Is a computer or an algorithm a tool like a paintbrush, or is it something more like a gun? Computers were born in war as means of targeting weapons and gathering intelligence. Have they ever really escaped that history? Our machine learning algorithms are developed by the most powerful corporations in the world for purposes of mining surveillance intelligence from our home videos. The batteries in our laptops, sensors, and gizmos are made from cobalt mined by children under horrific conditions. All this to prop up an economy of short-term resource extraction and long term climate change. If we concern ourselves with how the aesthetic of a piece of software might influence our art making, can we ignore how the morality of the software’s maker might inform our work?

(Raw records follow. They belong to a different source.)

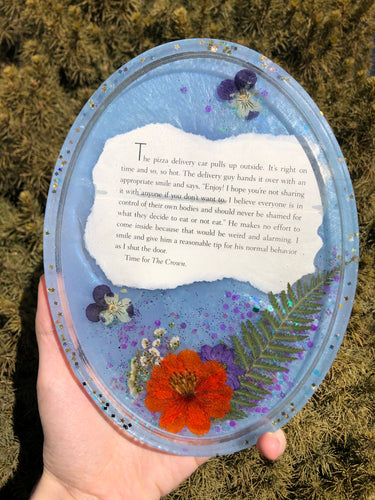 Feminist floral tray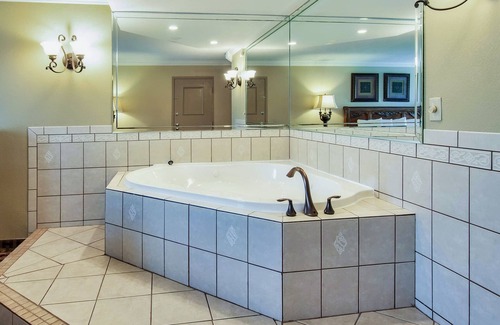 Johnson City Hotel | Days Inn & Suites by Wyndham Johnson City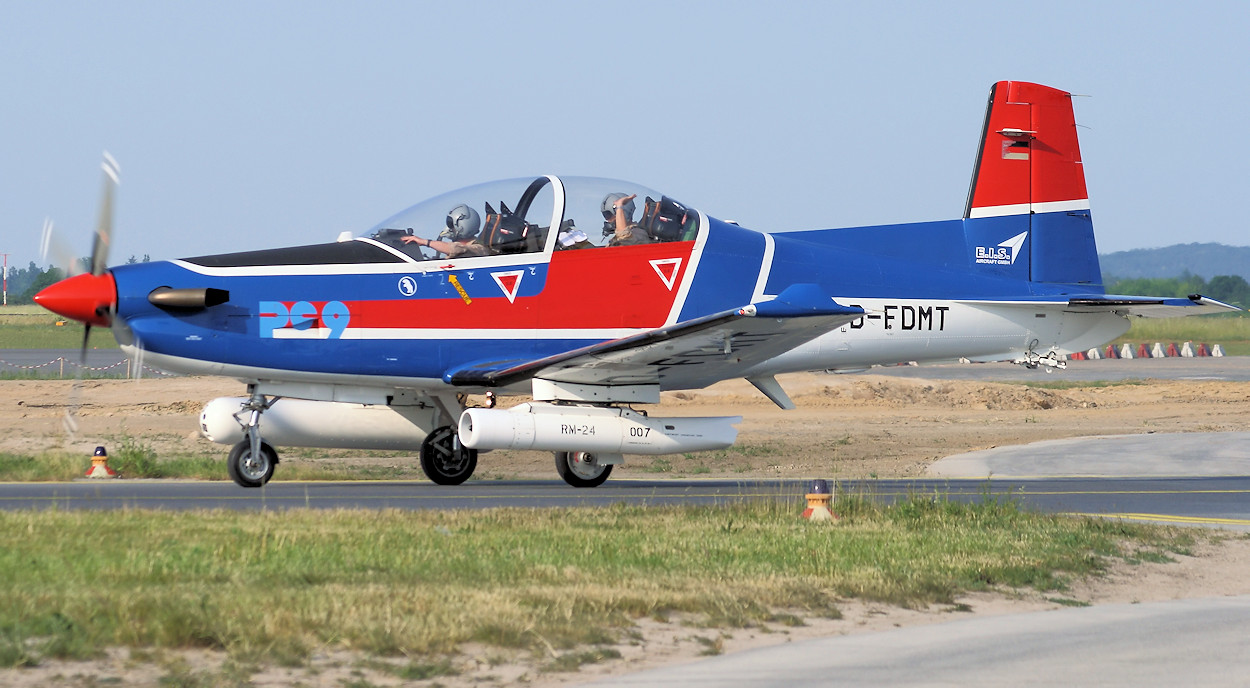 Pilatus PC-9 - Trainingsflugzeug und Schleppflugzeug zur Zielschießung der Bundeswehr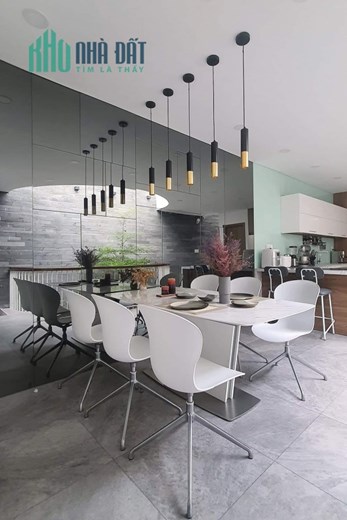 BÁN BIỆT THỰ SANG CHẢNH, QUẬN TÂN BÌNH, 3 TẦNG, NGANG 10X26.67, 226.7M2, CHƯA ĐẾN 20 TỶ!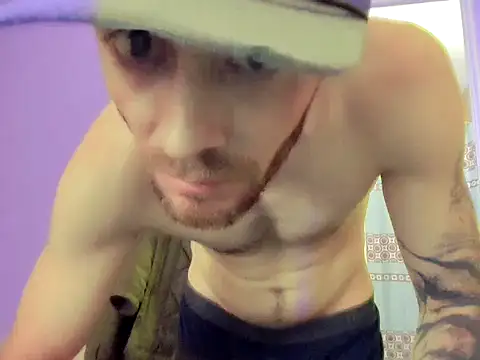 Huntzg23 online show from November 2025 11:36:02 AM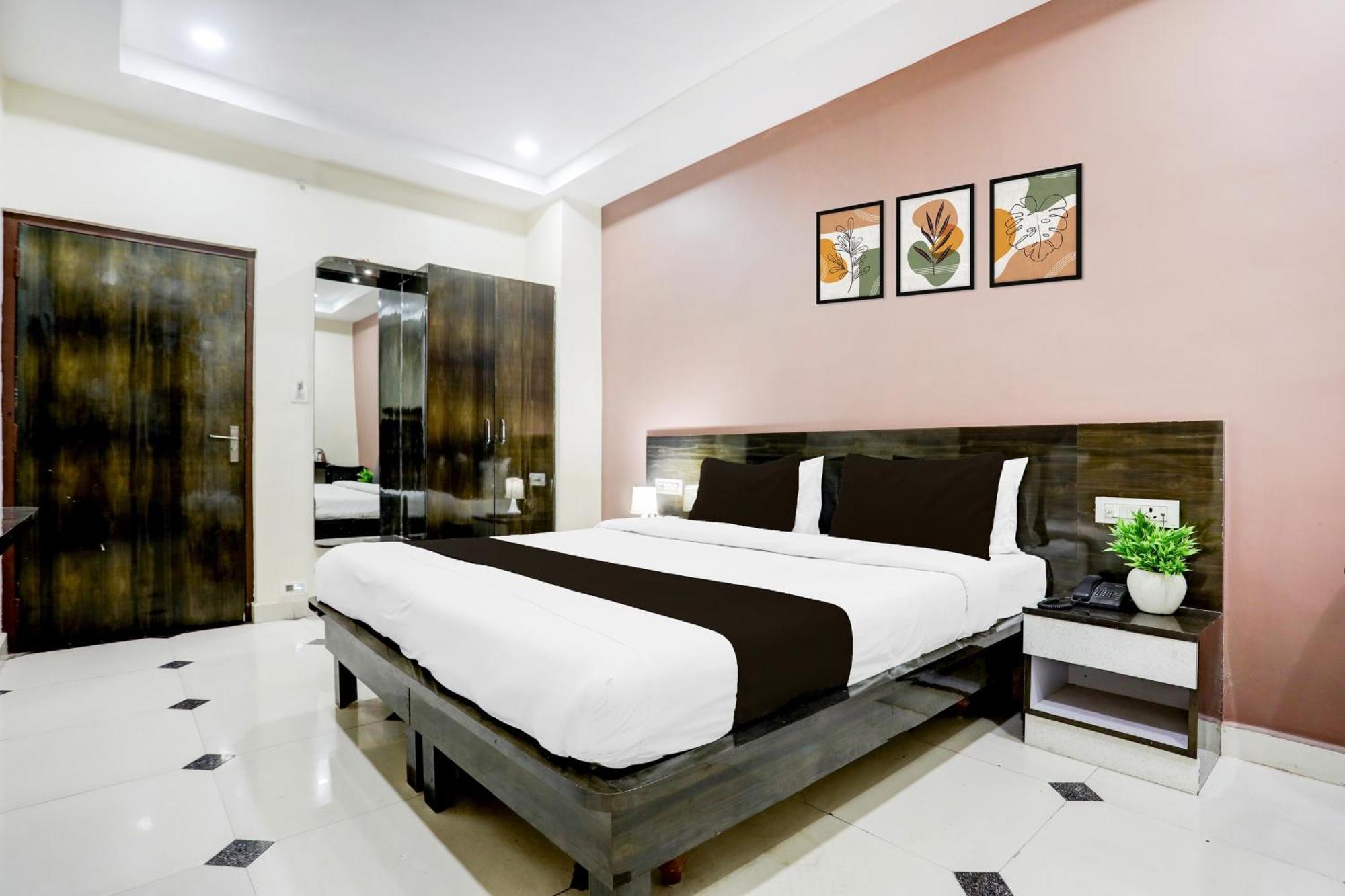 Super Townhouse Gida Near Rto Office Hotell Gorakhpur Exteriör bild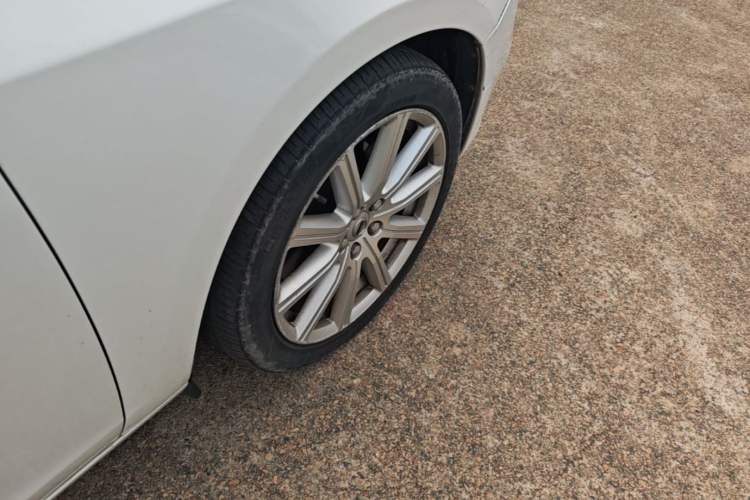 Used Volvo S60 New Energy 2018 S60L E-Drive Hybrid T6 Progressive Edition Right Front Wheel Hub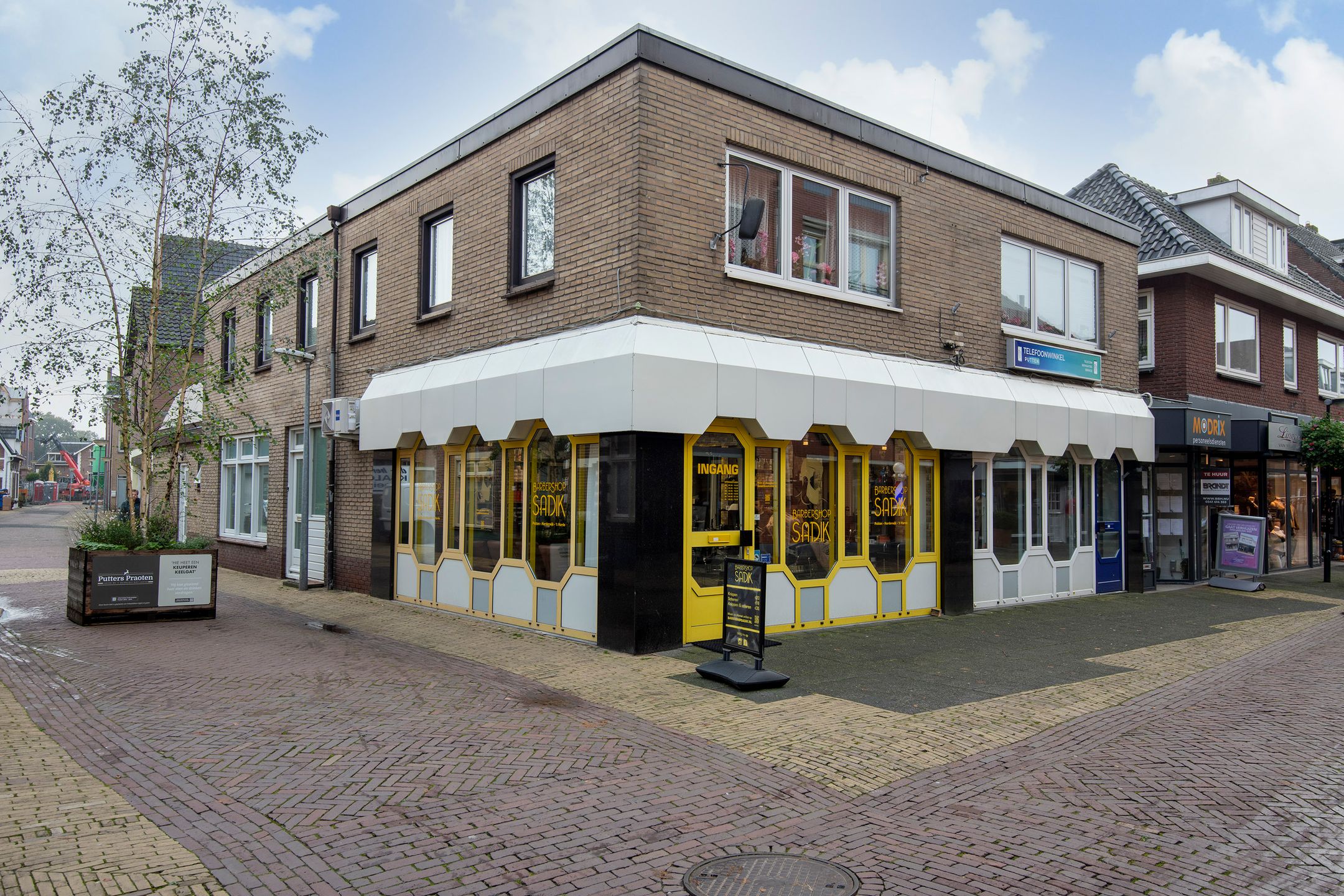 Dorpsstraat 15 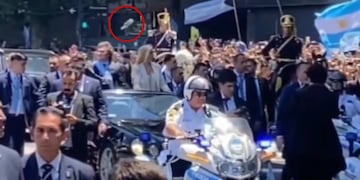 El botellazo que pasó cerca de Javier Milei. Foto: La Voz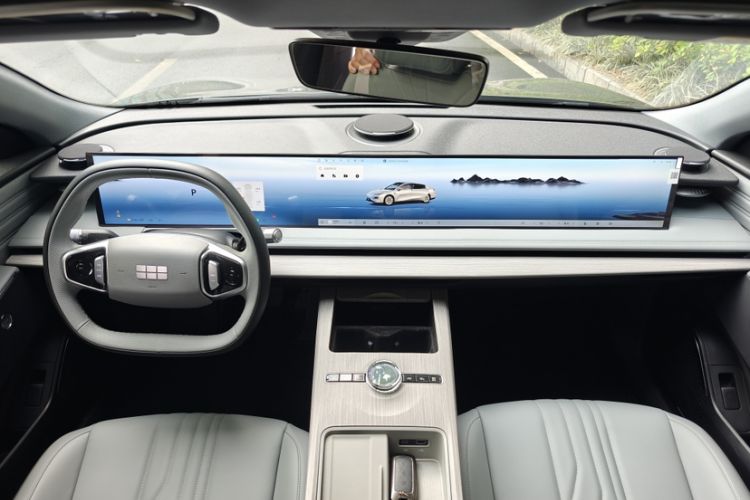 Used Geely Galaxy E8 2024 550 km Range Rear-Drive Dragon Edition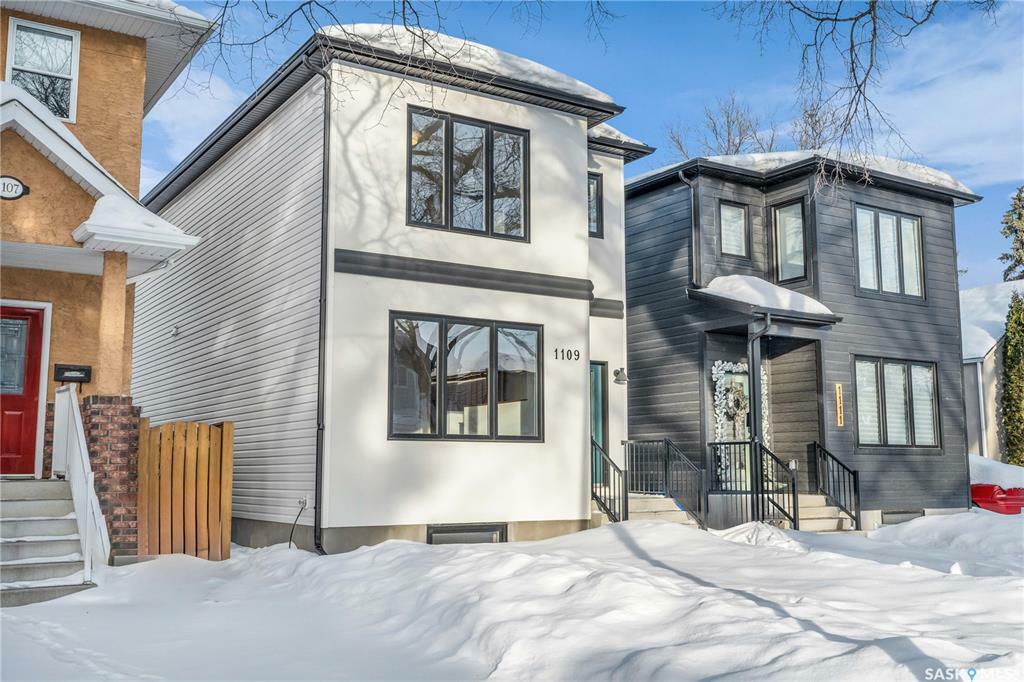 Property Photo:  1109 9th Street E  SK S7H 0N4 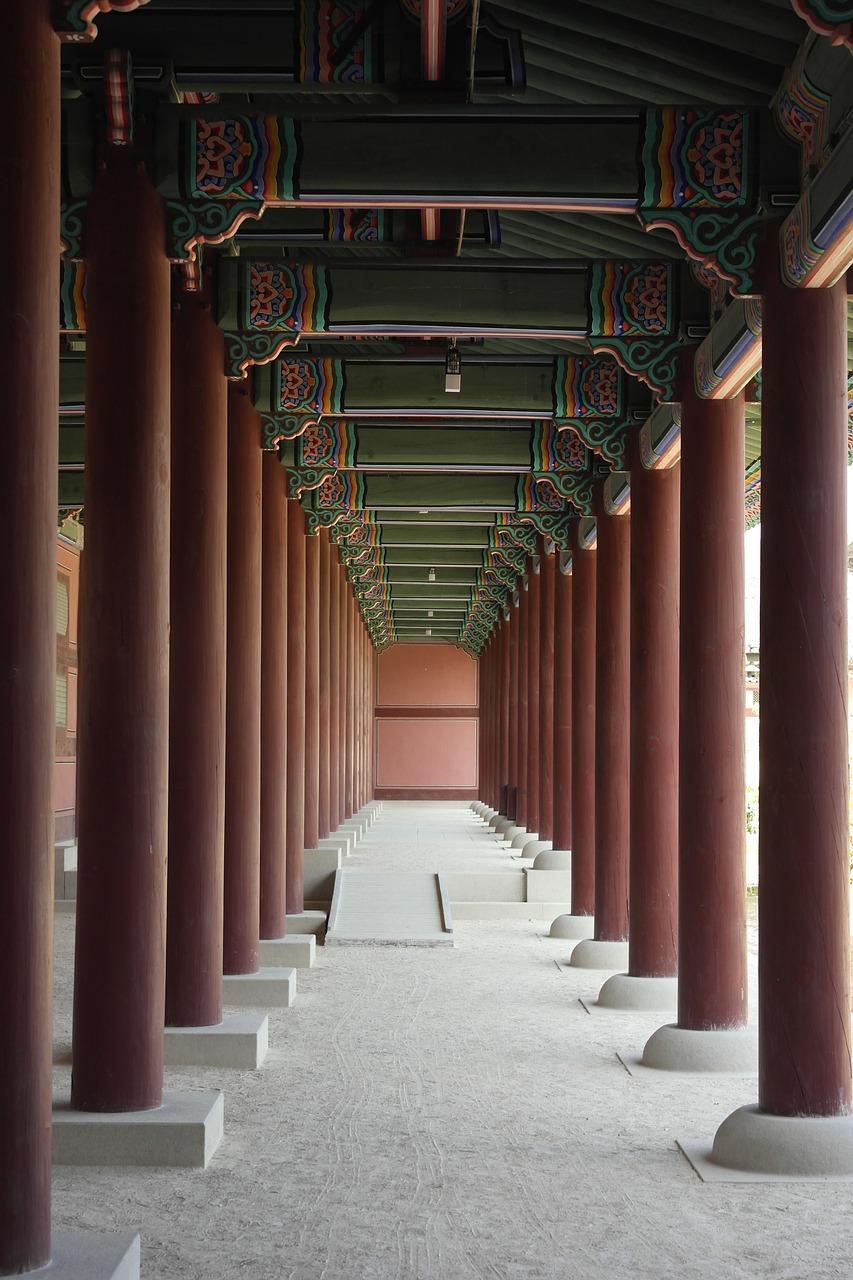 gyeongbok palace republic of korea palaces free photo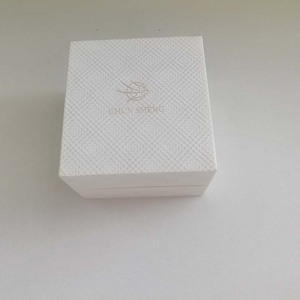 Boîte à bijoux en papier carrée en velours blanc, design spécial mariage pour femme, double boîte à alliances - Product Image 2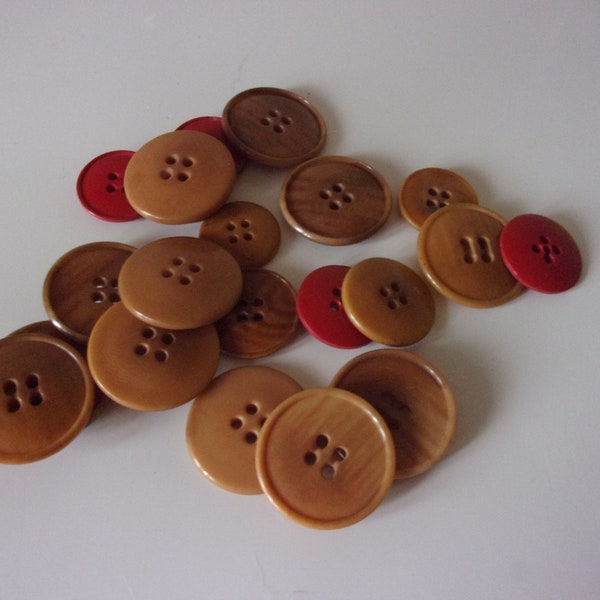 lot de boutons vintage ,boutons style tailleur ,fournitures mercerie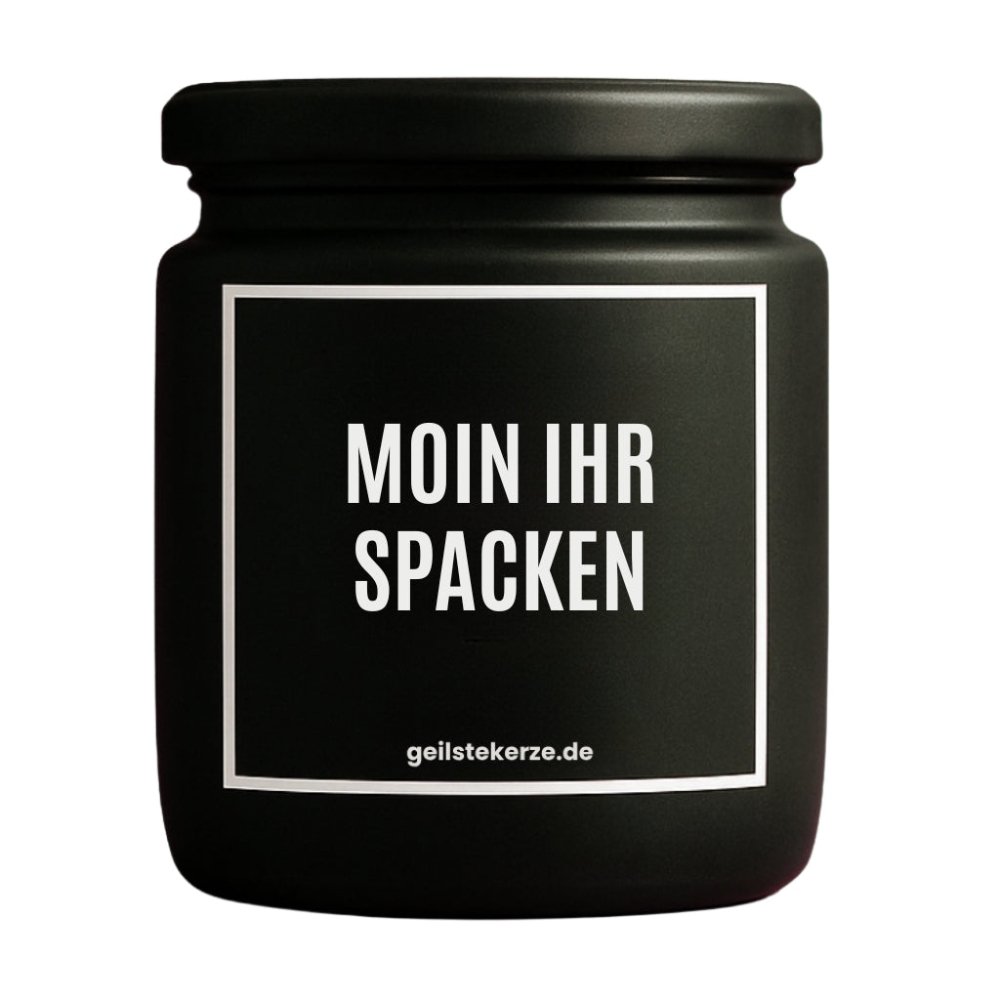 Duftkerze mit Spruch von geilstekerze ist der neue Geschenketrend. Diese witzige Kerze Vegane Bio-Kerze mit Spruch – MOIN IHR SPACKEN brennt mega lange sagenhafte 80 Stunde, hochwertige ätherische Öle schaffen beste Duftverteilung. Mit 1400 lustigen Sprüchen perfekt zum Verschenken. Handgemacht in Deutschland von geilstekerze.de -Die beste Duftkerze die du kaufen kannst.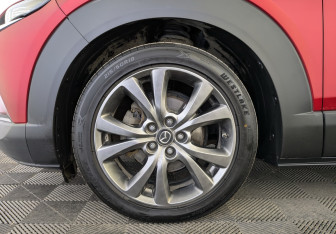 Подержанный автомобиль Mazda CX-30 2021 года (18 фото)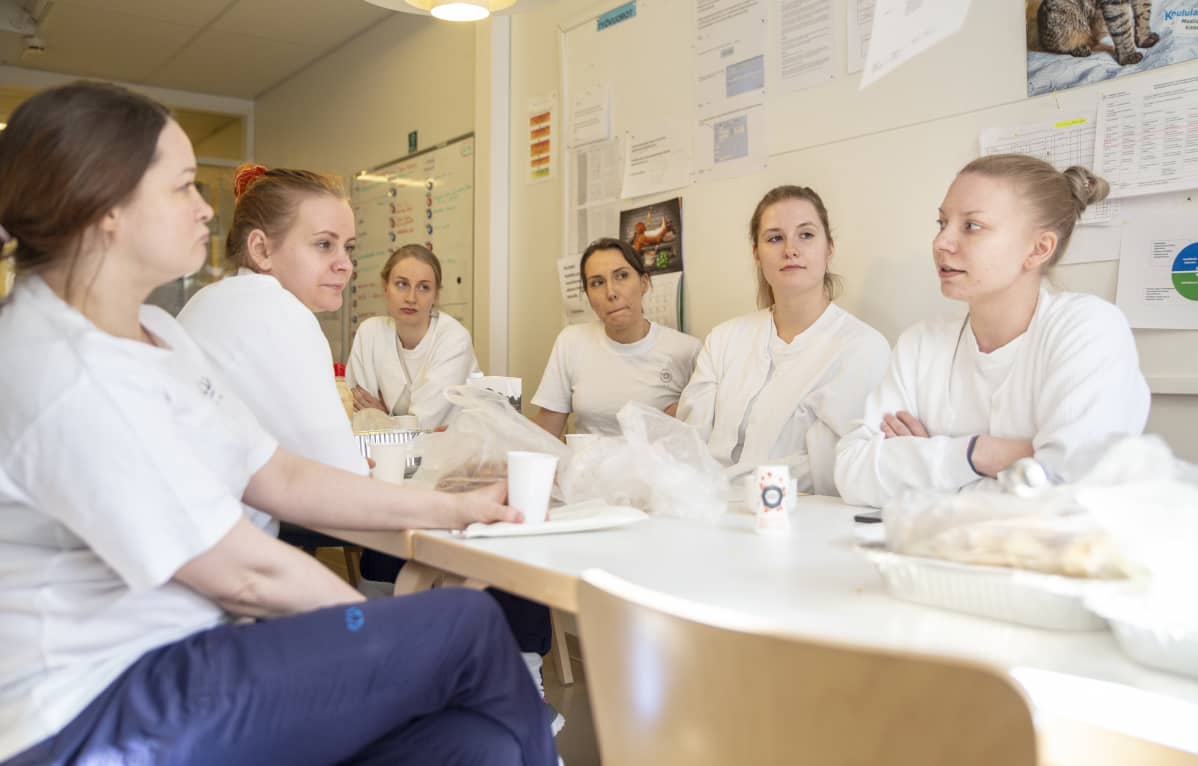 Laakson terveysaseman sairaanhoitajat ruokatauolla.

How did you, the reader, the audience member, the professor, the dancer, the technologist, the musician, come to be here today? I mean to ask, what systems of privilege educated you to appreciate art or use a computer? How do you afford to make art? Who’s paying your bills or buying your work? Especially for art that requires all these expensive and problematic electronics?

Can your art escape the history of your tools? Would you perform a duet with an AR-15 and look at me funny if I asked you why? If there’s a difference between an algorithm and a gun, it’s that the former is invisible. Or at least ignored. Our history escapes computation, evades consideration. Very conveniently.